Right on Mike, might as well look cool while keeping our tools clean.


----------



## Silverbullet (Jan 11, 2020)

In my first week of vokie our shop teacher gave us the task to do just that . A power Johnson horizontal band saw was available to cut the rough square and a vertical bandsaw. Then only files n vise n micrometer of course . All corners n centers within .001 finish added to grade . If 14 yr old ***** hunters can do it I think you can. Of course that was 45 yrs ago.


----------



## Silverbullet (Jan 11, 2020)

westerner said:


> I use a 6 inch long piece of 1/2 inch soft copper pipe, because I had no chopsticks. I smashed one end flat for the file, cobbled up a broomstick handle for my end. In no time at all, the copper is cut to fit the grooves between the file teeth, (running parallel to the teeth), and will push stuff out of there that will amaze you.
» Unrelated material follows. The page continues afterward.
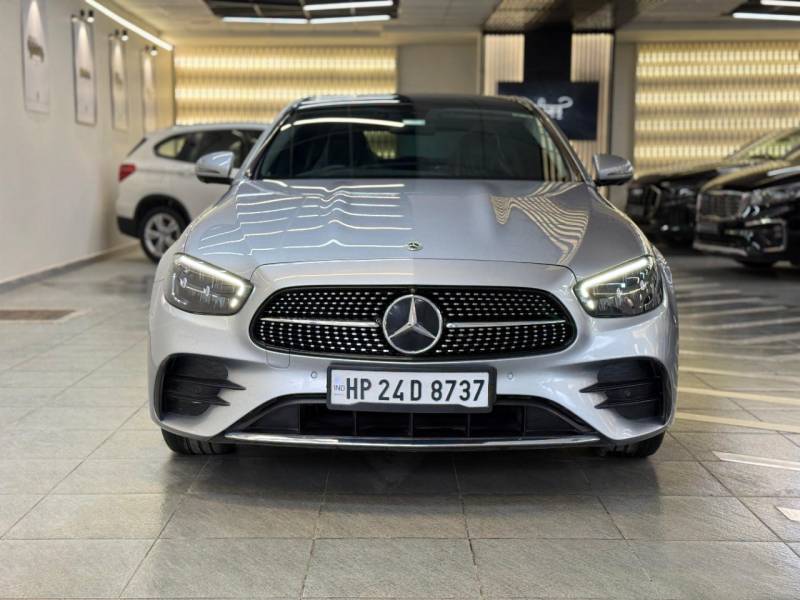 Mercedes Benz E Class E 220 d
Follow with the chalk, and you are ready to go. ( Good tip on chalk and humidity. Glad I DON'T have humidity, sometimes)


I was taught to use a piece of brass to clean files , the brass gets grooved to match the teeth by pushing the chips out . Chalk helps lube the file from what my old teachers preached. Never let files lie against another file too.


----------



## Koi (Feb 18, 2020)

wrmiller said:


> Back when my mentor wanted me to do this, I used a piece of glass, sandpaper, and a 123 block to get the 90 degree angles.


Oh glass they are quite flat after sanding on it i placed my workpiece  on part of the engineer square that is flat and no light went through.


----------



## Koi (Mar 13, 2020)

Btw guys i read a comment on youtube the other day and a comment said that a flat has a crowned side and hollow and he also said tha use the crowned to achieve flatness.


----------



## Koi (May 9, 2020)

Although this is not about getting things square but would like to show what i did during lockdown sanding a steel cube  to parellel .First decide on a masted edge and then file and sand it .The finishing was sanded though i could have filed it but i realise my files are big and coarse only a fine double cut file was in my tool box but was too big for the pararrel work.Resulting with a deviation of 0.05 near one side if the edge .I could go even further  with the tolerance but ive left my insize 0.02 vernier caliper in my dorm so i used my dads kernin vernier caliper that could only read up to 0.05 only.Im not done with it though still got sidez to square up if can make it even parallel first and then the square .


----------



## Winegrower (May 9, 2020)

If you hate to file things, like I do, you might look for a die filer.   I found a Butterfly filer awhile ago and man, that is a great tool.   I found a machine file collection on eBay of 17 files, various shapes and coarseness, at about $10 per file.   I can also use a cutoff hacksaw blade for a metal bandsaw substitute.   It’s easy to do very precise work because you can see the file and a scribe line at the same time, and the file stays completely perpendicular to the table.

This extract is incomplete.